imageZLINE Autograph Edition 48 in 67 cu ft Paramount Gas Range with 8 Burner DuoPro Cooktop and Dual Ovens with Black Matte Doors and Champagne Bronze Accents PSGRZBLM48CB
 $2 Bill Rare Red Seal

--------------------------------------------------

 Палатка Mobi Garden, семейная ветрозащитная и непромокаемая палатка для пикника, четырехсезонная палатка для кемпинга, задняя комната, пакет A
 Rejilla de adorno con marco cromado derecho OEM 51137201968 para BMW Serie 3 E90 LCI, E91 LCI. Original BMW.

--------------------------------------------------

*THE PROBLEM*:
Could you retype exactly the lines above, starting at the line that contains "Палатка Mobi Garden, семейная" and ending at the line that contains "Rejilla de adorno", and nothing more?

*TASK RESULT*:
 Палатка Mobi Garden, семейная ветрозащитная и непромокаемая палатка для пикника, четырехсезонная палатка для кемпинга, задняя комната, пакет A
 Rejilla de adorno con marco cromado derecho OEM 51137201968 para BMW Serie 3 E90 LCI, E91 LCI. Original BMW.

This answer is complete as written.